Swing the Fly Issue 2.1 Summer 2014 | Page 19

Where possible at all, wading is pushy. More often you’re on shore fighting a steep bank or willow thicket sixty-feet tall and a half-mile long. The Limay often requires long casts, which given the terrain features just mentioned, can lead to frustrating series of tangles and flubbed casts.

To deal with the tough natural layout, two systems have become popular on the river. Both end up producing a standard steelhead style swing, but how they get there is quite different. Richard, along with most old school Argentines, uses a heavy head section of T-11 or T-14 attached to an Amnesia running line. Like a crude precursor to modern shooting head lines, they get the head section in the air then let the light, thin running line shoot with the forward cast. It’s an awkard system to cast and takes a while of balancing the head weight to your rod. The results are impressive, both for the ability to cast and produce fish.

Good casters can blast out a hundred and twenty feet of line, while the true effectiveness comes in the ability of the heavy sinking head to get down to fish in the deep fast current. The Amnesia running line helps by cutting through the water much better than a floating running line. The downsides to the system are the difficulty to cast, an inability to mend the Amnesia, and the thin slick nature of the Amnesia being an overall pain to strip and manage. To its credit the system is cheap and effective, and we can say that about oh so few things in the fly fishing world.

While Richard fills his mouth with coils of Amnesia prepping for another cast, I finish rigging my 13’6” spey rod. My first trip to the Limay I realized the potential for spey style casting for all the reasons mentioned earlier. The lack of room to backcast and the tough wading were reasons that I got into two-handed rods in the first place. I use a Skagit setup that allows me to throw heavy T-11 and T-14 heads. While I think that the Amnesia running line gets the fly in position faster than the big bellied shooting head allows, I can also pound casts all day while the single hand approach gets fatigued after a few hours.

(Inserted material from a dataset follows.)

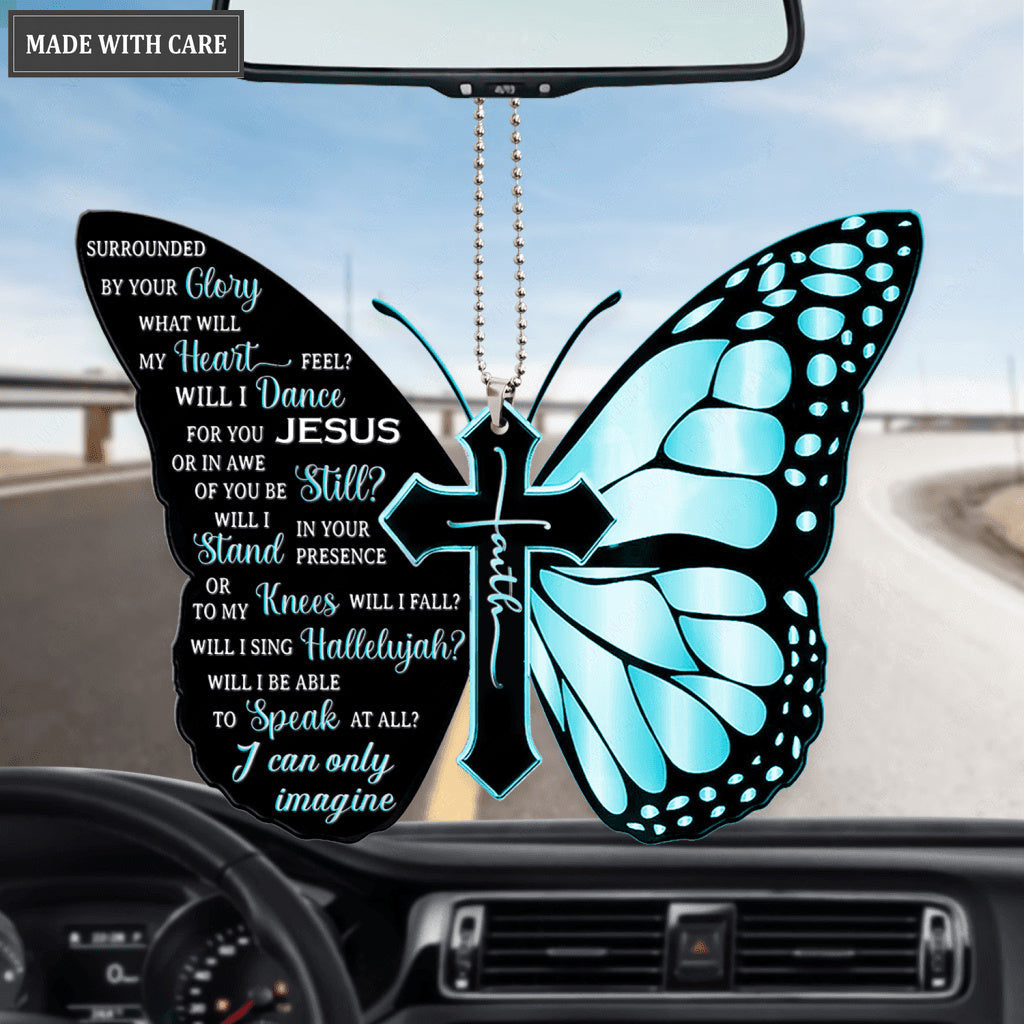 Teal Butterfly Surrounded By The Glory Car Hanging Ornament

In the end it’s a similar result regardless of the line and the rod. Shoot for the far side and let the line and the current work its magic. After a few hours without a take I start playing with a slow stripping retrieve until Richard sees me and lectures me to let the fly swing naturally. “These fish spend all the time in the river. You think they don’t know the exact speed of the current. You have to let current move the fly. No stripping!” he tells me.